Biden's statement noted that the recent American Rescue Plan stimulus legislation lowered premiums and out-of-pocket costs for Obamacare enrollees. (The median deductible for ACA enrollees has dropped by almost 90% to only $50, as of April 1, as a result of tax credits.)
“Since it became law more than a decade ago, the Affordable Care Act has been a lifeline for millions of Americans,” Biden stated. “The pandemic has demonstrated how badly it is needed, and how critical it is that we continue to improve upon it.”
More than 29.6 million Americans were uninsured in 2019. The exact number of Americans who lost employer-sponsored health coverage during the coronavirus pandemic and resulting recession is unclear, though The Commonwealth Fund estimated that the number is upwards of 7 million.
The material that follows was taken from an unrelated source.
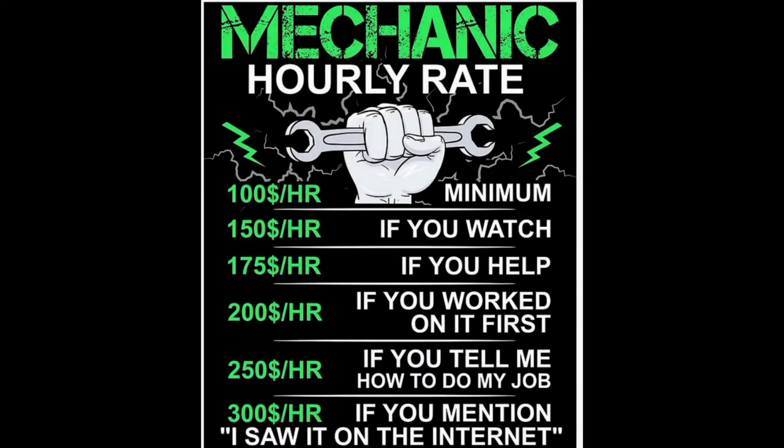Welcome back to Semper Fi Mechanic. My name's Thomas. And here is our hourly rate.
"I think there is still a long way to go before we reach near-universal health coverage," Cox added. "More outreach and enrollment assistance may help the remaining uninsured access the help that is available to them."
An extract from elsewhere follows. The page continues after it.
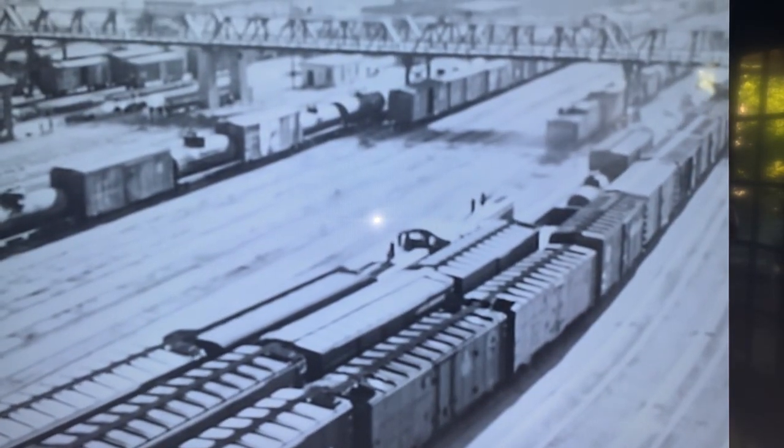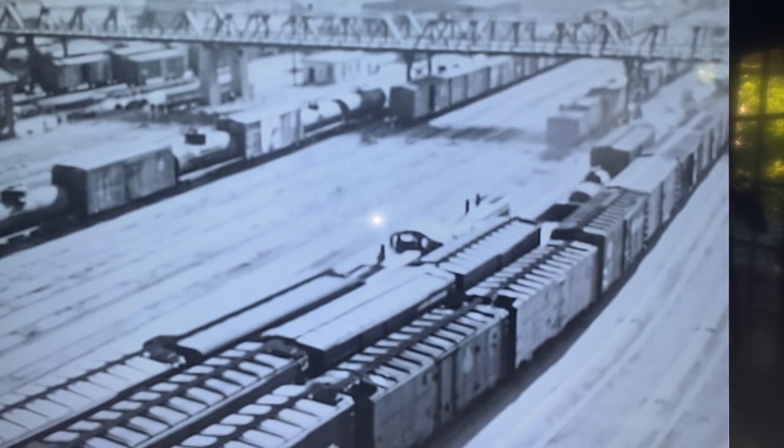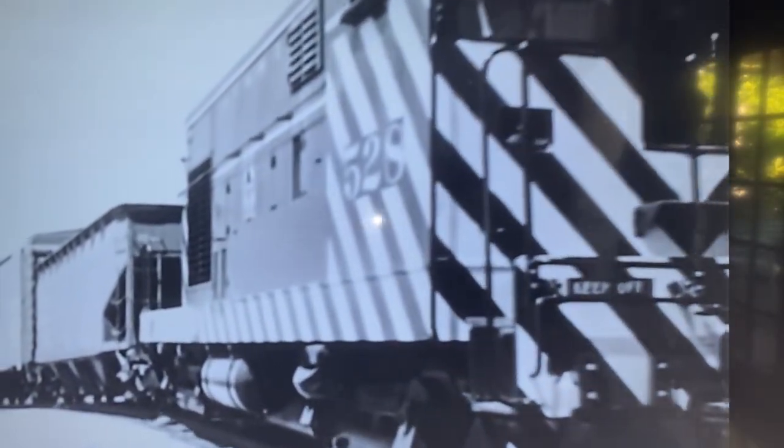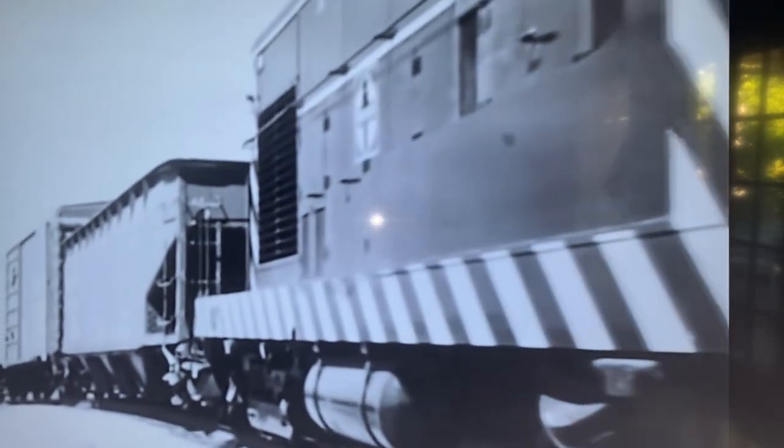Other trains have brought cars to this yard from all over the western United States and Canada. Now they are still strung together, and the ones that are to go to Chicago on number 40 must first be unscrambled.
'Our work is far from over'
An SEP generally opens for an individual who experiences a qualifying event such as job loss, divorce, or turning the age of 26.
The national SEP enacted by the Biden administration opened up eligibility criteria to everyone in need of health insurance, as part of the American Rescue Plan.
“This milestone reinforces what we know to be true: There is a real demand for quality, affordable health care across the United States,” Secretary of Health and Human Services (HHS) Xavier Becerra said in a statement. “Now, thanks to the American Rescue Plan, millions of Americans are seeing reduced monthly premiums and lower out-of-pocket costs. But our work is far from over.”
The president's statement also called upon Congress to pass the American Families Plan, which proponents say would lower family health care costs, keep premium relief in place permanently, and insure 4 million more Americans.
“As we navigate the COVID-19 pandemic and its aftermath, it’s more critical than ever for Americans to have access to quality, affordable health care,” Becerra said. “A few moments are all it takes to save money, get better care, and have the peace of mind that comes with high quality, affordable health coverage. So, go to HealthCare.gov or CuidadoDeSalud.gov to find a plan that works for you.”